Judge Michael Getty, bombarded with calls and letters pleading for the death penalty, rejected capital punishment for the boyfriend, Johnny Campbell, saying evidence of Campbell's mental illness at the time of the murder ``is absolutely overwhelming.''

Two psychiatrists and one psychologist testified last week that Campbell was psychotic when Lattie and his 6-year-old brother, Cornelius Abraham, were abused for 2 1/2 months in 1987.

Campbell was under the delusion the two boys were homosexuals and that his ``disciplining'' was necessary to stop their behavior, the expert witnesses said.

In also sparing the life of Alicia Abraham, the mother, Getty said she hadn't been present in the same room when Campbell inflicted the fatal beating to her son, Lattie, on Aug. 14, 1987.

``I'm happy for society,'' said assistant public defender Marijane Placek, Campbell's attorney, referring to the sentence. ``We've been killing sick people for an easy solution.''

Assistant State's Attorney James Bigoness, who prosecuted the case, said Campbell had never been institutionalized for mental illness before the murder and managed to hold down a job with U.S. Steel for 16 years before he was dismissed for alcohol and drug abuse.

Bigoness also contended that Abraham was in an adjoining room when Campbell fatally beat Lattie. ``She could see it, she could hear it, she could have prevented it,'' he said.

Abraham also bore responsibility for Lattie's malnutrition and bronchial pneumonia, two contributing factors to his death, Bigoness said. The boy weighed 26 pounds at death.

``This case screamed for the death penalty,'' he added. ``It was a case where anything less than death wouldn't fit the crime.''

Campbell, who pleaded guilty but mentally ill to Lattie's murder, doesn't intend to appeal the sentencing, Placek said. Abraham, however, will appeal her conviction by Getty, Abraham's lawyer, Clyde Lemons, said.

In addition to imposing life imprisonment without possibility of parole, Getty also sentenced Abraham and Campbell to consecutive 30-year prison terms for aggravated child abuse.
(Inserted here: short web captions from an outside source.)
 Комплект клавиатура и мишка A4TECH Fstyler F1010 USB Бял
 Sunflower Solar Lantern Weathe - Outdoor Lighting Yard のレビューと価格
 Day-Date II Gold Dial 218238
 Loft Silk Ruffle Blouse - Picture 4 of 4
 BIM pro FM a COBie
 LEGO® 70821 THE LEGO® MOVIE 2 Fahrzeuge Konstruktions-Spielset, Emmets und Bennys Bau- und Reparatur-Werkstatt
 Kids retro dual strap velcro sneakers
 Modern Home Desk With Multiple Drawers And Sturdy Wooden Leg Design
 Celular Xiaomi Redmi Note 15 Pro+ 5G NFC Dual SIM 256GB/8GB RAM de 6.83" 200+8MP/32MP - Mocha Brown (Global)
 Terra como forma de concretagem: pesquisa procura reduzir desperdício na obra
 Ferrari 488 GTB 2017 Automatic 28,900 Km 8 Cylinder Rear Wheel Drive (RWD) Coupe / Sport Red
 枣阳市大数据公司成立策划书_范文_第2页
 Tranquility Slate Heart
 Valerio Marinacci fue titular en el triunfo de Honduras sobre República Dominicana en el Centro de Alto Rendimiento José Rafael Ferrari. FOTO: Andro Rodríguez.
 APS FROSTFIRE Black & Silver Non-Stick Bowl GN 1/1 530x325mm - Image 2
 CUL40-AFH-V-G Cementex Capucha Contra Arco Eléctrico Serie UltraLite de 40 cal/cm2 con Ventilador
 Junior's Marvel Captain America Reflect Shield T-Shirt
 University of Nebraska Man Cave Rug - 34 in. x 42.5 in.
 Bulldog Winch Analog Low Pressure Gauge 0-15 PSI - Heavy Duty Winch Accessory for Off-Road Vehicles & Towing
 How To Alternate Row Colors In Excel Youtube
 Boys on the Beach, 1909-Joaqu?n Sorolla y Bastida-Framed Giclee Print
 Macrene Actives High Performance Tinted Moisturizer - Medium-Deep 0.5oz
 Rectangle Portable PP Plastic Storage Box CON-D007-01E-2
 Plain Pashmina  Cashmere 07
In a move that caught some courtroom spectators by surprise, Getty singled out Lattie's father, Lattie McGee Sr., for criticism for failing to check on his children during the fateful 2 1/2-month period in 1987.

McGee rolled his eyes upward at the judge's comments. McGee told reporters later, ``That's his opinion, not mine.''

Getty also criticized the Illinois Department of Children and Family Services for dropping a complaint of negligence against Abraham two years before the murder. David Schneidman, a department spokesman, said the agency provided Abraham with more than a year of counseling before closing the case. No further reports of neglect had been made against Abraham, he said.

Abraham and her children became homeless soon after the agency closed the case, and she met Campbell in a shelter, Getty said.